## RECORDED DATA
■ ■ ■ ■ ■

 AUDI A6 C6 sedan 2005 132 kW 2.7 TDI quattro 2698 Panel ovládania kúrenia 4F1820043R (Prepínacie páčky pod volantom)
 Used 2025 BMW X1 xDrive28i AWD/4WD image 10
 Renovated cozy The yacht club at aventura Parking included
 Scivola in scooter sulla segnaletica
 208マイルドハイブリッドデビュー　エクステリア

■ ■ ■ ■ ■

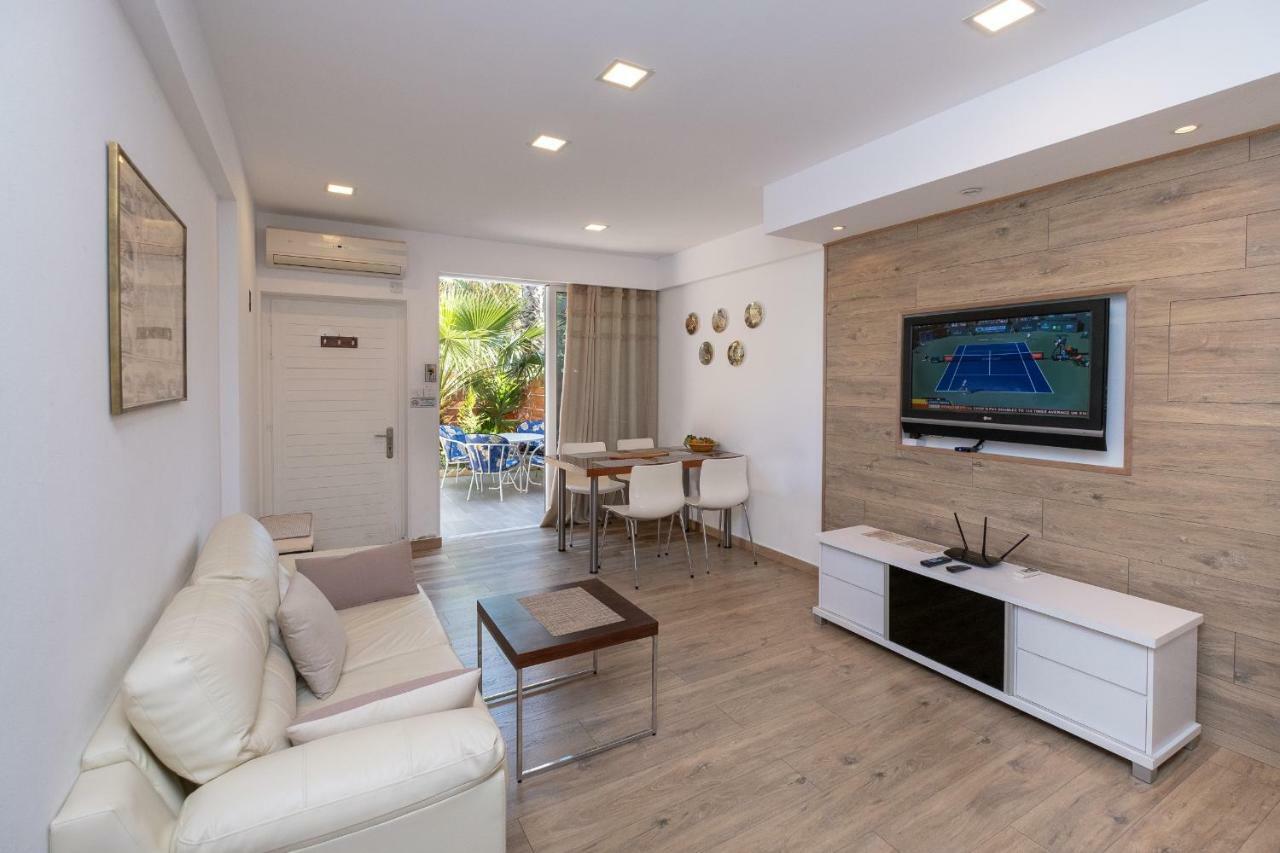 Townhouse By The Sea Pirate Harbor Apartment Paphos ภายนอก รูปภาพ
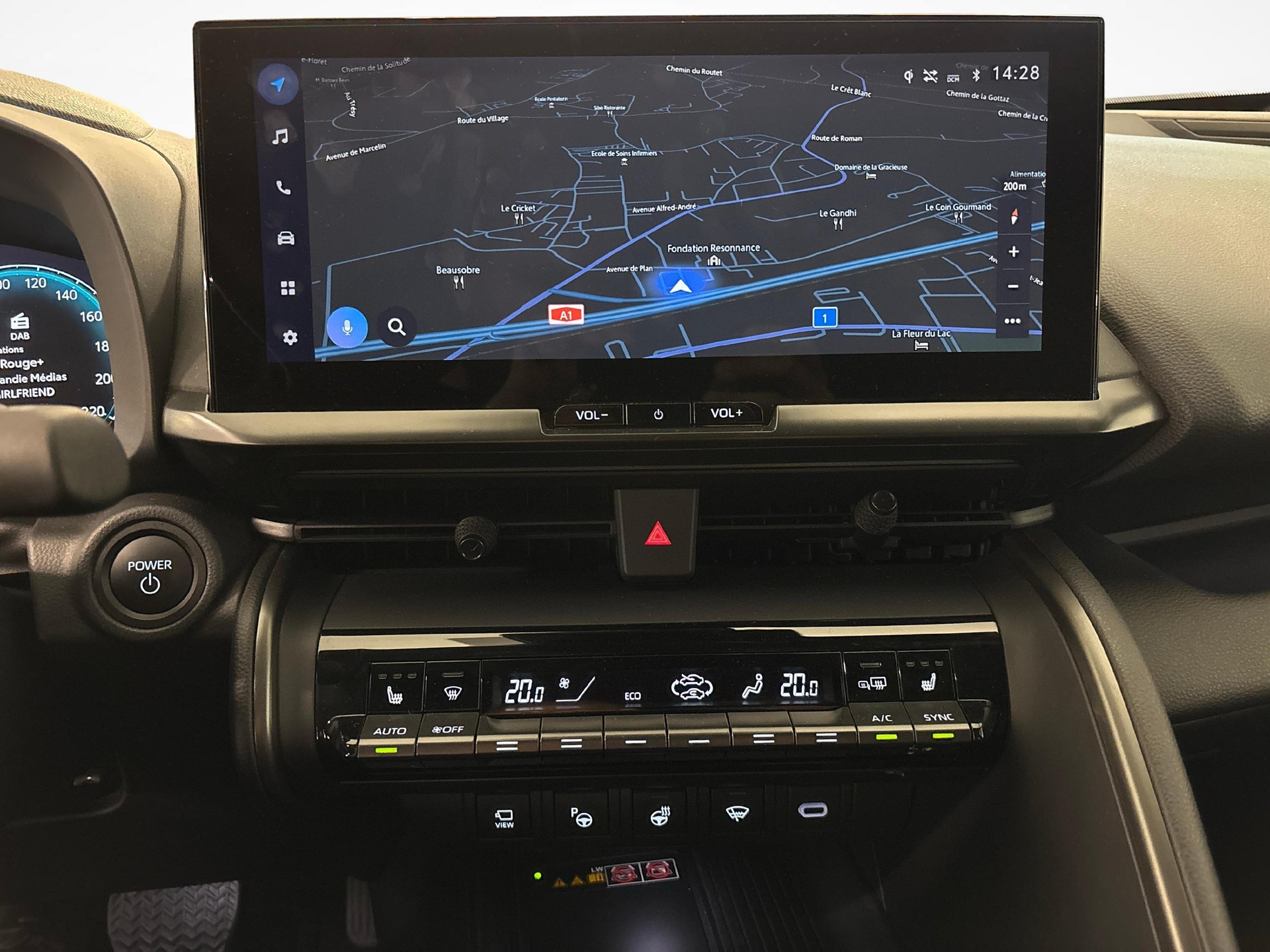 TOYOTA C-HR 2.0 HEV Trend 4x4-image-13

■ ■ ■ ■ ■

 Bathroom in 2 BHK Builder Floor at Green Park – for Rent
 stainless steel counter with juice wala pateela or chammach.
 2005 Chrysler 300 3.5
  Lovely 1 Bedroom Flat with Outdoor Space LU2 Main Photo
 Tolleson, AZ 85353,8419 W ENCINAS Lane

■ ■ ■ ■ ■

## EXERCISE AIM
Could you repeat exactly the lines in the listing above from the one with "AUDI A6 C6 sedan" down to the one with "208マイルドハイブリッドデビュー　エクステリア"? Include both of those lines.

## TASK OUTPUT
 AUDI A6 C6 sedan 2005 132 kW 2.7 TDI quattro 2698 Panel ovládania kúrenia 4F1820043R (Prepínacie páčky pod volantom)
 Used 2025 BMW X1 xDrive28i AWD/4WD image 10
 Renovated cozy The yacht club at aventura Parking included
 Scivola in scooter sulla segnaletica
 208マイルドハイブリッドデビュー　エクステリア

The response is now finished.